St Andrews day 30th November

 

Saint (St.) Andrew has been celebrated in Scotland on the 30th November for over one thousand years, with feasts being held in his honour as far back as the year 1000 AD. However, it wasn’t until 1320, when Scotland’s independence was declared with the signing of The Declaration of Arbroath, that he officially became Scotland’s patron saint.

Since then, St. Andrew has become an integral part of Scottish society. The flag of Scotland is the saltire, also known as St Andrew’s Cross, and the ancient town of St. Andrews was named due to its claim of being his final resting place. (see below)

The story goes that Andrew, was a Galilean fisherman who was singled out to be Christ’s first disciple, preached the Gospel in the lands around the Black Sea and in Greece and was eventually crucified on an X-shaped cross in Patras.

St.
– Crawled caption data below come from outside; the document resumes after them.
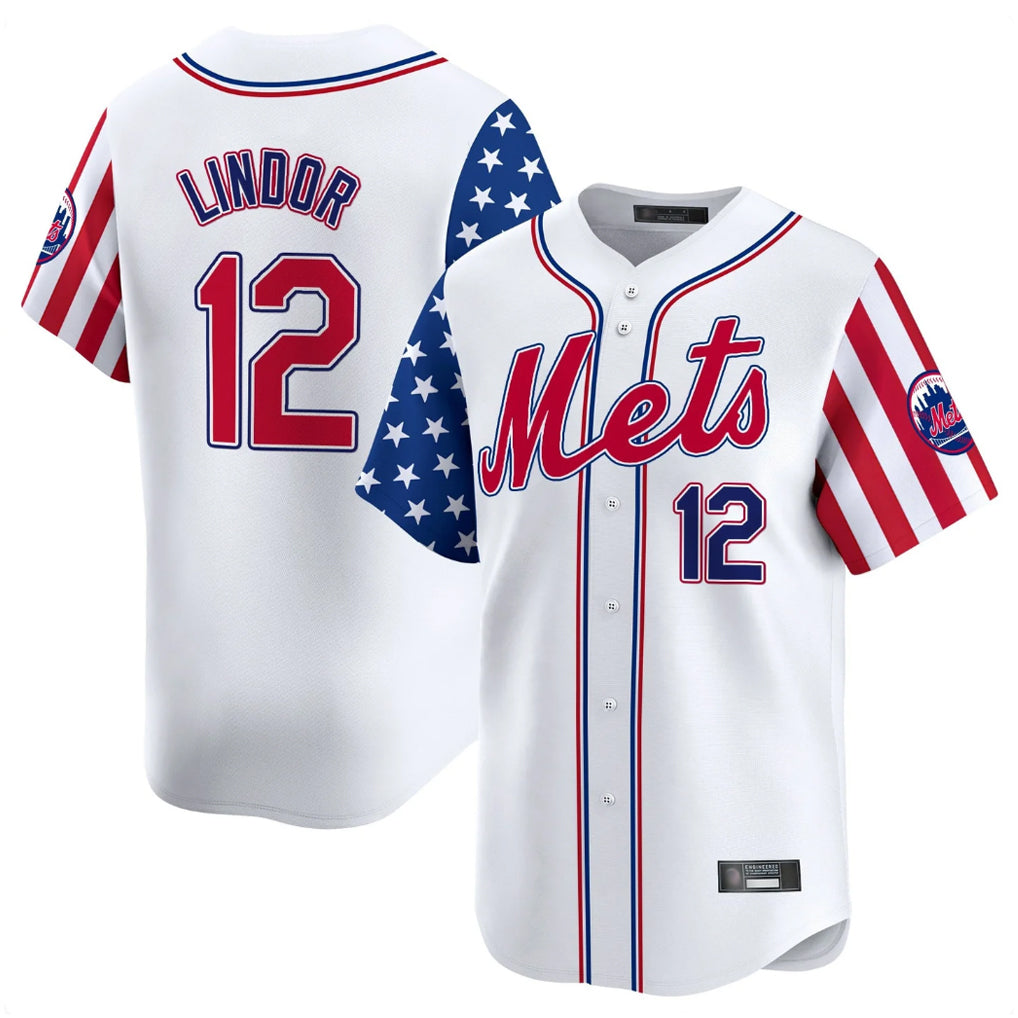 Friene NY.Mets #12 Francisco Lindor Player White 2025 Independence Day Vapor Premier Limited  Stitched Jerseys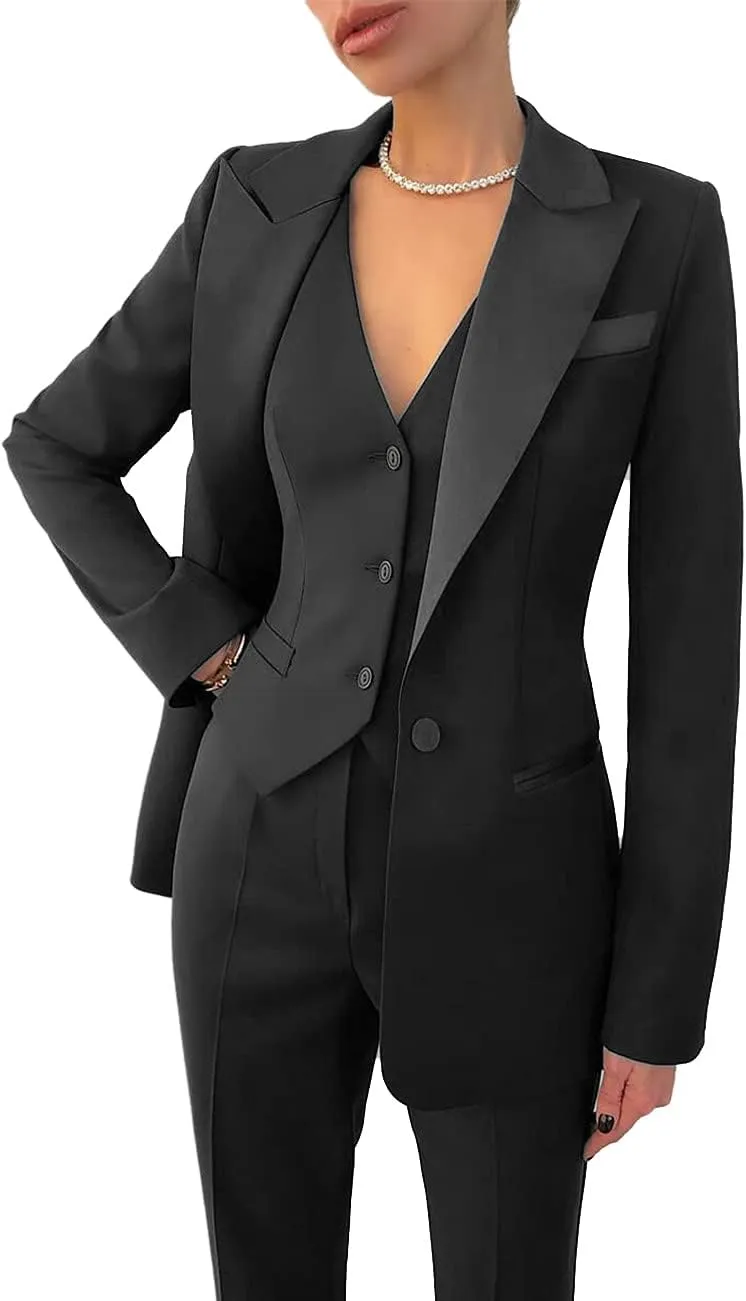 Women Suit Slim Fit Elegance Notch Lapel 3 Piece Workplace Style Jacket(Blazer Vest Pants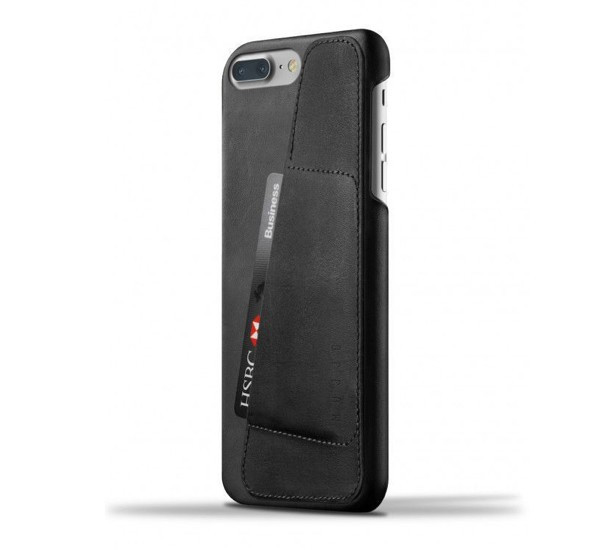 Mujjo Leather Wallet Case iPhone 7 Plus schwarz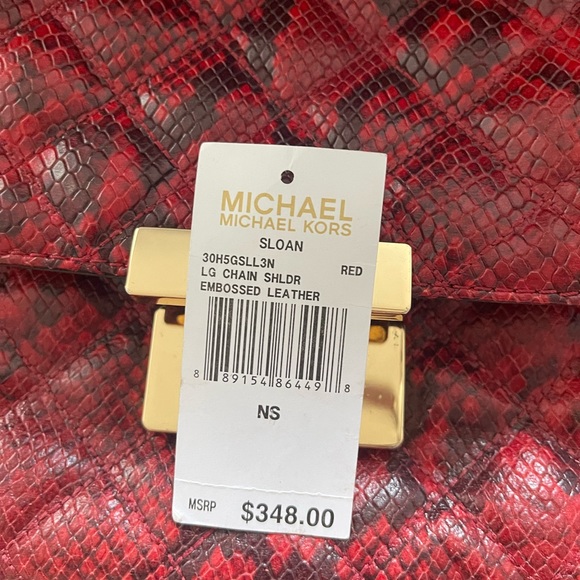 Red and black python leather Micheal Kors bag/ gold hardware. Condition good. - Picture 9 of 11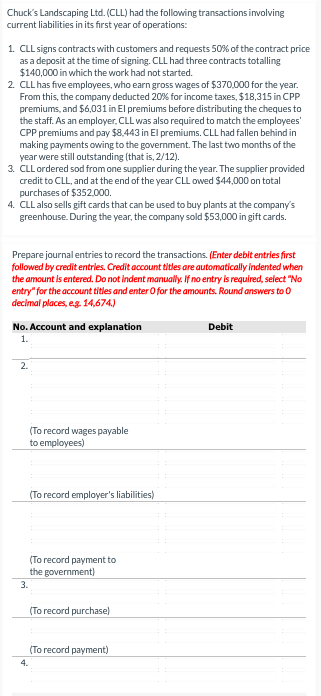 Chucks Landscaping Ltd. (CLL) had the following transactions involving current liabilities in its first year of operations:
Andrew is also the patron saint of other countries as well as Scotland. His association with Scotland, a land he never sets foot on is, not surprisingly, based on several conflicting legends, the most colourful of which is the story of St. Regulus.

Three hundred years after Andrew’s martyrdom the Roman Emperor Constantine, himself a Christian, ordered that the saint’s bones should be moved from Patras to his new capital city of Constantinople.

Before the order was carried out a monk called St. Regulus (or St. Rule) had a dream in which an angel told him to take what bones of Andrew’s he could to ‘the ends of the earth’ for safe keeping.

St. Regulus duly took what he could, presumably in a swift and frantic raid on the tomb, and after an epic journey, he was finally shipwrecked on the east coast of Scotland. He must have thought that he had indeed reached the ‘ends of the earth’!

 

The resting place of the relics of St. Andrew are now kept at St. Mary’s Catholic church in Edinburgh, Scotland.